Yesterday — Monday, Dec. 19, 2016 — was one of the most enjoyable days of prep basketball I can remember. From morning to night, a lot of great competition, and the Kahuku-De La Salle battle before a packed house was special. Having three island teams in the quarterfinals was rare enough, but Kahuku’s 56-51 win gives fans their first Hawaii team in the semifinal round since 2006, when Kawika Shoji sparked ‘Iolani to wins in the first two rounds. I’d like to find out if there have been other local semifinalists. I thought for a second that ‘Iolani reached the semis during the senior year of Derrick Low and Ryan Hirata, but they were knocked out in the quarterfinals by Montrose Christian on a buzzer-beating 3 by quiet-but-effective point guard Taishi Ito, who hardly ever shot the ball. Except when it mattered most. That was a dark night.

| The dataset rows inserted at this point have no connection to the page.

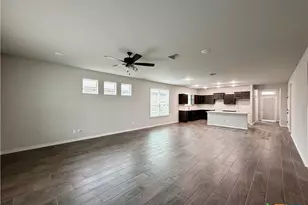 6903 Wizard Dr, Killeen, TX 76549 - Photo 9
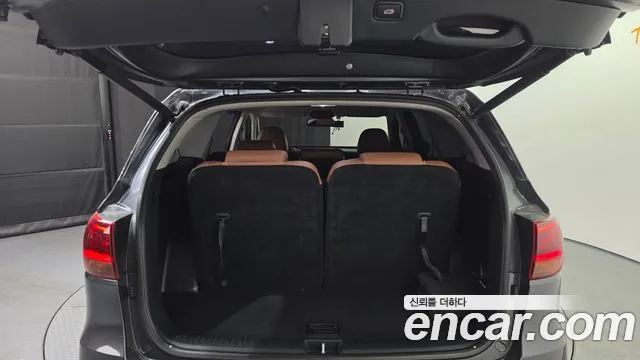 2018 Kia The New Sorento Diesel 2.2 2WD Sold VIN KNAPH81BBJA461293 – engine bay 2018 Kia The New Sorento Diesel 2.2 2WD Sold VIN KNAPH81BBJA461293 – engine bay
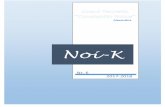 Liceul Teoretic ”Constantin Noica”liceul-noica-alexandria.ro/resources/revista 6.pdf · arta confecţionării pieilor pentru scris a fost perfecţionată; numele de pergament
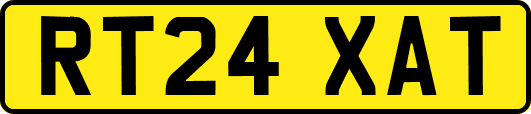RT24XAT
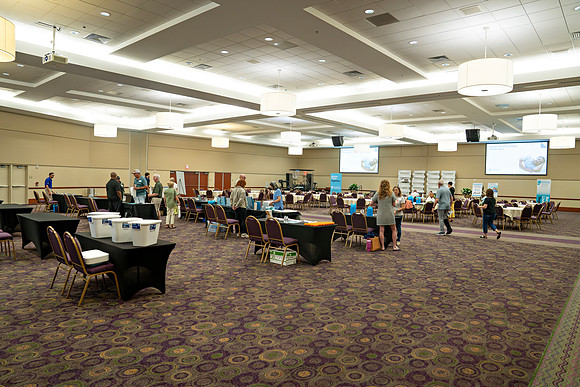 KBC Parkinson Event_0109
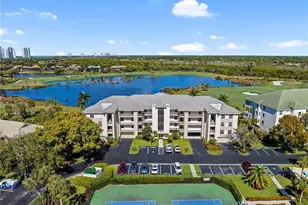 4130 Bayhead Dr, Bonita Springs, FL 34134 - Photo 17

I’d also like to get input from old-timers (you know who you are) on the best ever players in the Classic. Best players, best performances, not entirely the same thing. Kevin Durant played here, but did he have a better tournament than Jerry Stackhouse or Dennis Scott? Rajon Rondo and Josh Smith were spectacular, but did they really play better than Jacque Vaughn?

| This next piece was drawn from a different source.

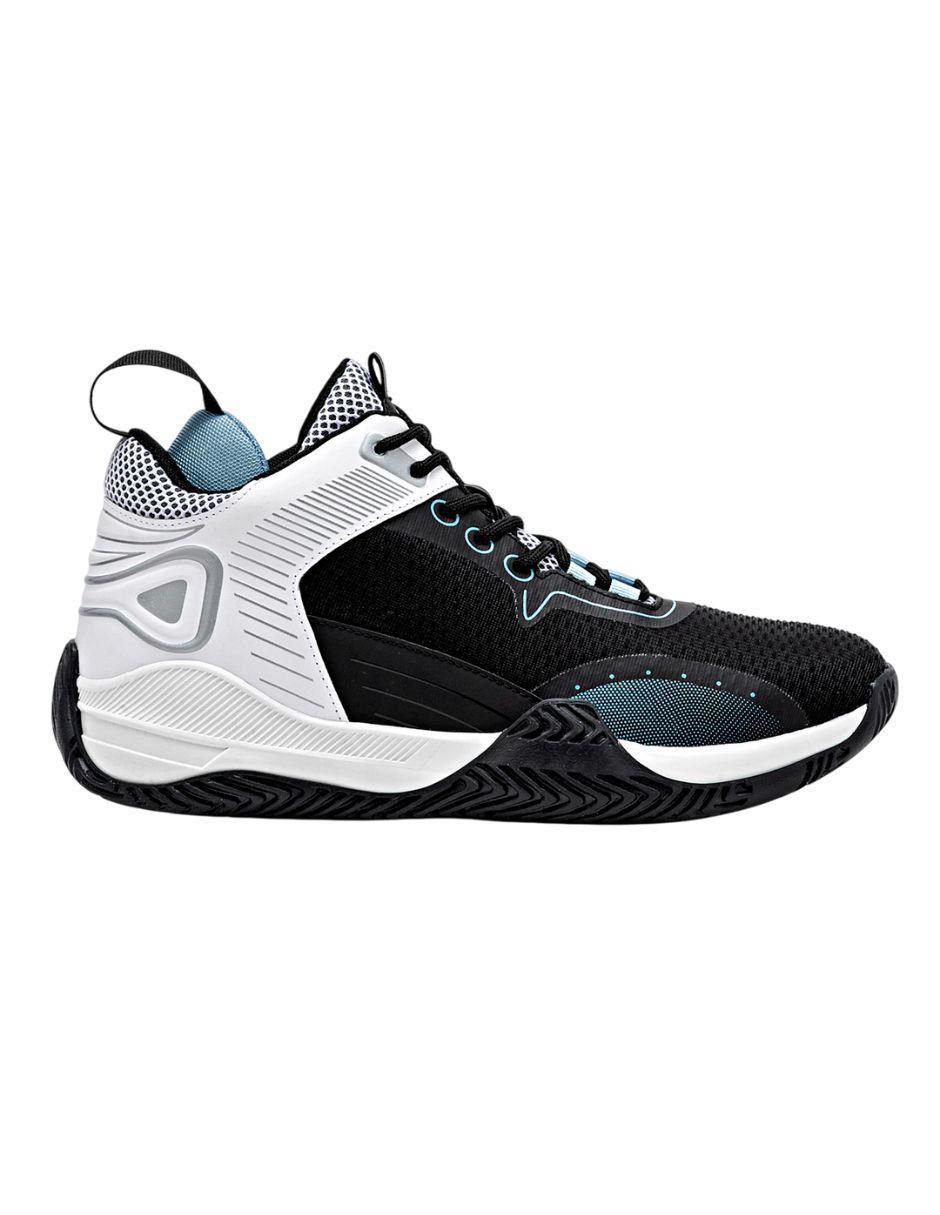 Tenis para hombre 3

With the opening-round upsets, we have some prize contenders in the consolation bracket — Corona del Sol (No. 1 in Arizona 6A) and Mount Vernon — so that makes the daytime matchups much more interesting. I’ll be blogging all day and night. Kapolei vs. Corona del Sol? Mount Vernon vs. Mid-Pacific? Dr. Phillips vs. Kailua? De La Salle vs. ‘Iolani. It’s a good time for prep hoops fans and teams alike. Especially before the grind of ILH and OIA basketball smothers us.
Tonight, the semifinals presents the usual Rocky Balboa-versus-Drago-the-Superhuman scenario. Oak Hill, the seven-time (or is it eight if we find the 1992 results) Classic champion and behemoth has everything going its way. Southwind is a gritty, talented team, but it’s a high school team. Oak Hill’s basketball program is like almost no other in the land, producing future NBA stars like a true cottage industry from the hills of Virginia. And they have cool uniforms.
Findlay Prep was absolutely constructed and engineered to be a national powerhouse. It is not a school, technically. It is a basketball program that partners with Henderson International School (Nev.), and though there has been controversy — as of 2014, the program had not produced an NCAA-eligible student-athlete in his first year — not all schools and teams are created alike. There’s a niche for what Findlay Prep does, as there’s one for Oak Hill and decades of basketball-oriented programs. It is, quintessentially, America. Land of opportunity.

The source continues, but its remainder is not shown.